Spiral is a 2019 Canadian horror thriller film, directed by Kurtis David Harder. It stars Jeffrey Bowyer-Chapman and Ari Cohen as Malik and Aaron, respectively, a same-sex couple who move to a small town with their daughter Kayla (June Laporte), only to suspect that their initial welcome from their neighbors Marshall (Lochlyn Munro) and Tiffany (Chandra West) may conceal something sinister.

It premiered August 25, 2019 at Arrow Video Frightfest, and was screened at other horror and LGBTQ film festivals through late 2019 and early 2020. It premiered on Shudder in September 2020.

==Plot==

On December 12, 1983, teenagers Malik and Liam make out in a car when a group of men suddenly appear and brutally attack them.

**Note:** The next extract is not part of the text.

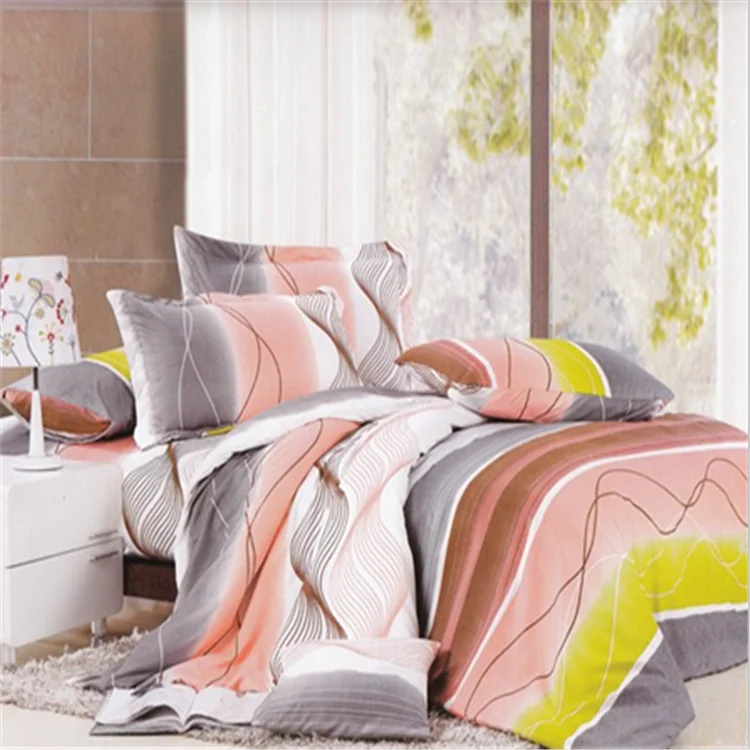 Wholesale Fabric Polyester Bed Sheet,China Supply Top Selling Bed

On November 7, 1995, Malik, his partner, Aaron, and Aaron’s teenage daughter, Kayla, moves into a new home in a small town to begin a new life as a family. During the first night in their home, Malik hears strange noises, and a mysterious, hooded person watches them from afar. Malik bonds with Kayla and tries to adjust to life in the new house, but he is plagued with traumatic flashbacks of the attack he suffered as a teenager.

Aaron and Malik meet one of their neighbors, Tiffany, who presents them with a housewarming gift. Malik returns home later and sees a homophobic slur spray painted on the wall. He paints over it and does not tell Aaron what happened. Malik and Aaron attend a bonfire party with the other residents, including Tiffany and her husband, Marshall. Malik sees Mr. Rinehart, who lives across the street, staring at him from a distance before disappearing. Mr. Rinehart tries to break into their house later that night and gives Malik a piece of paper, informing him not to show it to anyone. Malik watches Mr. Rinehart’s house and sees him, as well other neighbors, performing a ritual in a circle. The following morning, Mr. Rinehart is discovered dead in his home by his grandson, Matthew, in an apparent suicide. Malik becomes increasingly suspicious and distrustful of the neighbors while Aaron tries fit in with them.

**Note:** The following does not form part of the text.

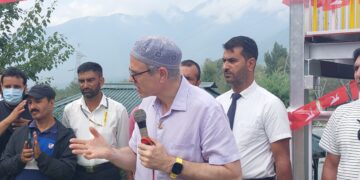 آزاد امیدواروں کی بھرمار بی جے پی کی سازش: عمر عبداللہ کا الزام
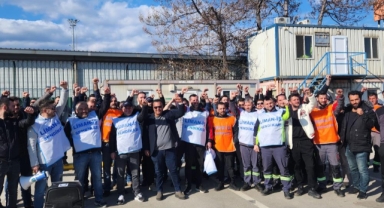 İşçi sendikasının Borusan eylemi devam ediyor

Kayla tells Malik and Aaron she has found a part-time job, but she secretly spends her time hanging out with Tiffany and Marshall’s teenage son, Tyler.

Malik begins experiencing a series of hallucinations and nightmares. He discovers the paper Mr. Rinehart gave him has a series of numerical dates and, after researching, learns that a same-sex couple was the victim of a murder-suicide in the same neighborhood in 1985. He finds an abandoned house, and an apparition appears and gives him a handful of video tapes.

He tries to convince Aaron that they need to leave the town, but Aaron believes Malik is struggling with paranoia as a result of his past. Tensions between them increase, and Aaron kicks Malik out of the house after finding photos of him and Matthew having sex to which Malik denies.

Malik stays in the abandoned house and watches one of the tapes, which contains home movie footage of the same-sex couple from 1985. The tape reveals they experienced similar disturbing events prior to their deaths. Malik learns that every 10 years, the neighbors perform a ritual and select a new family in the neighborhood to target. He returns home to warn Aaron and Kayla but is horrified to see all of the residents have assembled for a gathering. Believing Marshall to the leader of the rituals, he shoots him to death, and it is revealed that a party was seemingly being thrown in their honor.

Malik is arrested, and Aaron visits him in jail to inform him that he and Kayla are moving to get away from him. Aaron later discovers the video tape from 1985 and sees footage of Marshall, Tiffany, and Tyler socializing with the couple and their daughter. Suddenly, a group of hooded figures appear in the house, and Aaron discovers Tyler eating the intestines of Kayla’s body. Meanwhile, Marshall, now-alive, visits Malik and tells him that Aaron and Kayla will be murdered, and he will be framed and appear to have committed suicide. Marshall explains that the neighborhood has a history of eliminating newcoming families who represent society’s fear of a progressive culture.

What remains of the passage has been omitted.